- _Data for review_
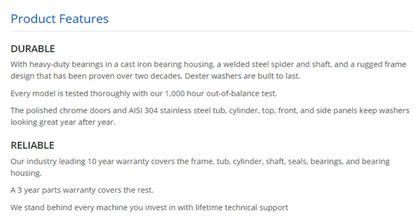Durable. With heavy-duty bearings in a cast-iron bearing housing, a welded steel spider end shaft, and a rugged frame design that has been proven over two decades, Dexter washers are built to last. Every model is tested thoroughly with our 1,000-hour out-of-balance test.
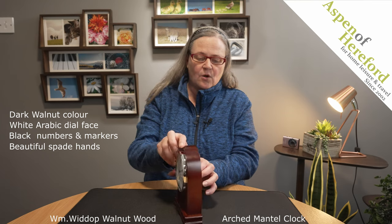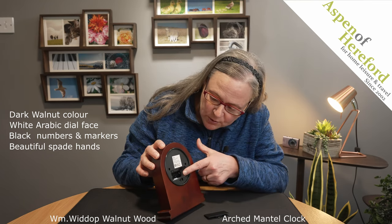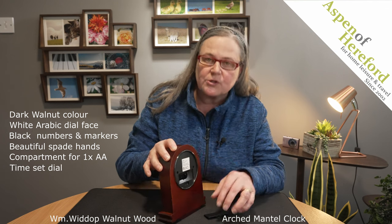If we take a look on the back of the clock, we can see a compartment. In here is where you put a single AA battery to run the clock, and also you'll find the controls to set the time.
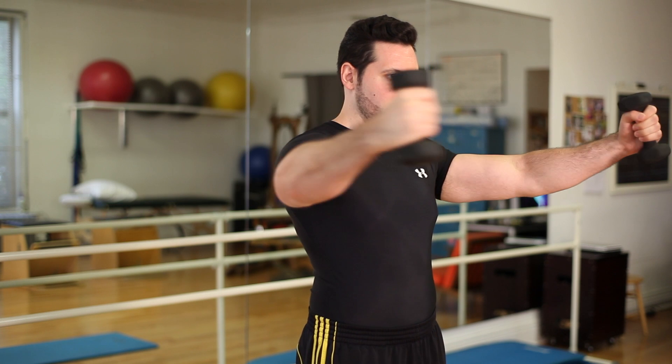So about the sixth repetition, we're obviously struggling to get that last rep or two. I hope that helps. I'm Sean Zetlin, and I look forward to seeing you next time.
---
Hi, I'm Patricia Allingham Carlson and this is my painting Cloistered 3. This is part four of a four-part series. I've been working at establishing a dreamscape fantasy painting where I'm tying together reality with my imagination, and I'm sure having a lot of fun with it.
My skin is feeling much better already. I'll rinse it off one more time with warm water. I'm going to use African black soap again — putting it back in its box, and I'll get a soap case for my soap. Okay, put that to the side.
...
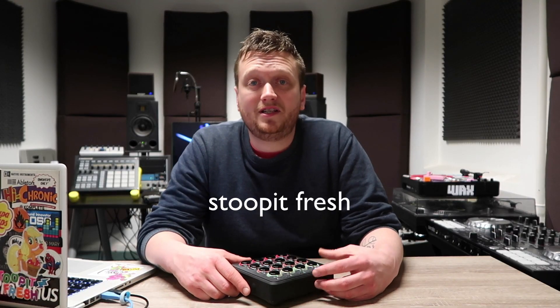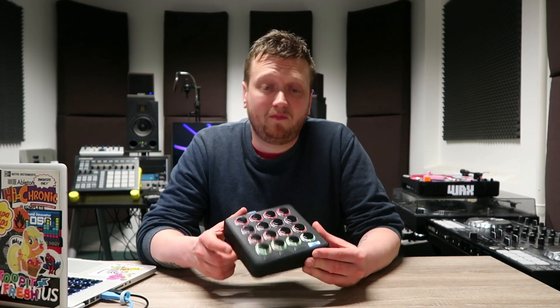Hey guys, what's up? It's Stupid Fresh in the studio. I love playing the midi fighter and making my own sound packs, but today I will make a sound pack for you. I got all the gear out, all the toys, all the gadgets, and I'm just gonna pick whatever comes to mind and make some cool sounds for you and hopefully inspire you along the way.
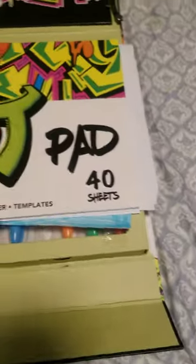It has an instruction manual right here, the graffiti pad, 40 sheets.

- _Exercise goal_
For this exercise, return exactly the lines above from the line with "Durable. With heavy-duty" through the line with "So about the", both included. Do not copy the pictures.

- _Written response_
Durable. With heavy-duty bearings in a cast-iron bearing housing, a welded steel spider end shaft, and a rugged frame design that has been proven over two decades, Dexter washers are built to last. Every model is tested thoroughly with our 1,000-hour out-of-balance test.
If we take a look on the back of the clock, we can see a compartment. In here is where you put a single AA battery to run the clock, and also you'll find the controls to set the time.
So about the sixth repetition, we're obviously struggling to get that last rep or two. I hope that helps. I'm Sean Zetlin, and I look forward to seeing you next time.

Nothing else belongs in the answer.